Ce n’est pas rien quand même… Ce n’est pas rien et c’est quelque chose qui manque ! Après, j’ai toujours eu une perception de la misère, ce qui permet de comprendre pas mal de choses. Quand je vois dans une actualité un blessé qu’on emporte, je le comprends aussi en me souvenant du jour où j’ai été emporté à l’hôpital.

Vous êtes en guerre vous-même ? Ah, je n’arrive plus à répondre à ces questions. Je n’y arrive plus parce que c’est notre langage courant, notre langage courant à sa perte, comme on le voit à la télé. Il y a un débatteur, Yves Calvi, ce n’est pas inintéressant, mais il dit sans arrêt : « Il faut mettre un nom sur les choses. » Ben non… Il faut laisser les choses vous envahir. Vous mettrez un nom après. C’est ce que je dis un peu schématiquement depuis longtemps, la parole se vide de sens, devient contresens, contradiction. Ça fait du débat une sorte de concert plus ou moins joyeux. Mais la parole, au fond, ne va jamais vers ce que nous on appelle l’image, pour former autre chose. Quand je dis « Adieu au langage », c’est « Adieu à notre langage courant », si vous voulez.
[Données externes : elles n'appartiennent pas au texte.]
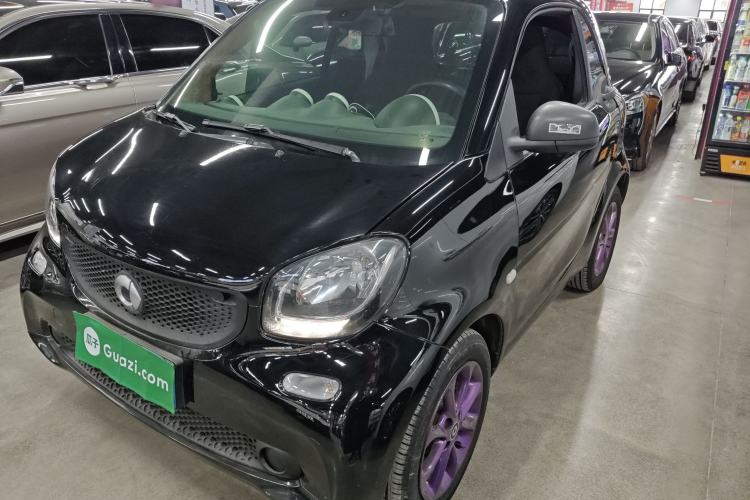 Used smart fortwo 2015 1.0L 52 kW hardtop Dynamic version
Mais à un moment vous avez aussi dit : « Puissance de la parole. » Oui, mais j’ai mis longtemps pour voir que ça n’allait pas. Souvent, dans les émissions télé, ils disent : « Ah ! il faudrait quand même appeler les choses par leurs noms ! » Mais les choses n’ont pas de nom. Et puis si on les appelle, elles ne viennent pas. Bref, c’est très difficile de parler des choses, parler de la chose elle-même. Parfois, on y arrive avec certains scientifiques, certains philosophes, mais c’est rare. On est une société de gens de lettres. Le prix Nobel n’est jamais donné à des peintres, à des musiciens, je ne parle même pas du cinéma ! On ne le donne qu’à des œuvres littéraires, à tous types de littérature : mathématique, etc. Le cinéma n’a pas réussi à redresser la barre. Et la psychanalyse, qui est née presqu’en même temps, n’y est pas parvenue non plus. Elle a traité le pire mais elle n’a pas traité l’imagination. Un monsieur m’a dit une fois dans la rue : « Les gens ont le courage de vivre leur vie mais ils n’ont pas le courage de l’imaginer. »
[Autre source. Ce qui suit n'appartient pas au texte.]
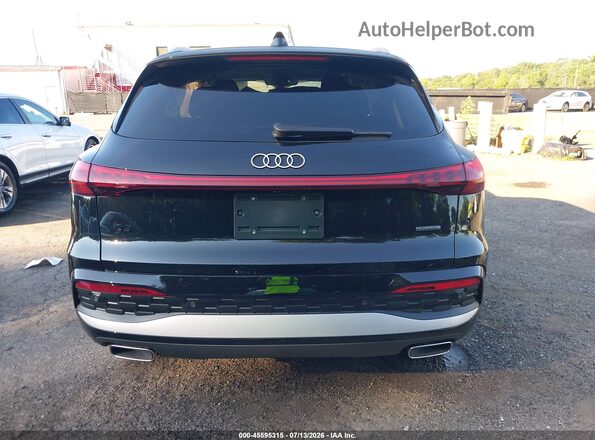 WA12AAGU2S2106987 2025 AUDI ALL Black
Vous considérerez que tout cela a échoué ? Je ne sais pas… Il y a quarante ans, après mon accident (de moto, en 1971, ndlr), pendant mon séjour à l’hôpital, j’avais lu des choses d’un chimiste belge, Prigogine, qui parlait d’entropie et de la deuxième loi de la thermodynamique. Il a découvert chimiquement, pas seulement en mots, qu’au bout d’un moment le zéro reprenait vie. Ça correspondait assez bien à cette période de mon existence.

Pourtant vous y avez cru, à l’image, à la télé… Certaines personnes de la Nouvelle Vague ont pensé cela oui, Rossellini aussi.

Vous l’avez quand même fait avec Six fois deuxEssayé seulement. C’était encore très ironique, trop destructeur. Tout est interprété tout de suite ! On ne retrouve pas l’originalité de la langue… Rimbaud, lui, inventait naturellement. Les surréalistes aussi, d’ailleurs ils sont bien oubliés les surréalistes, ou Dada. Il y avait quelque chose qui était nouveau, une espèce d’effervescence. Après, ça s’est tassé. Il y a un livre intéressant de Jacques Rancière qui s’appelle Le Maître ignorant, dans lequel il dit qu’on ne peut enseigner que ce que l’on ne sait pas. Moi, quand j’ai commencé à faire du cinéma, je croyais que l’on n’enseignait que ce que l’on savait, et je militais même pour qu’il y ait du cinéma à l’université. (rires)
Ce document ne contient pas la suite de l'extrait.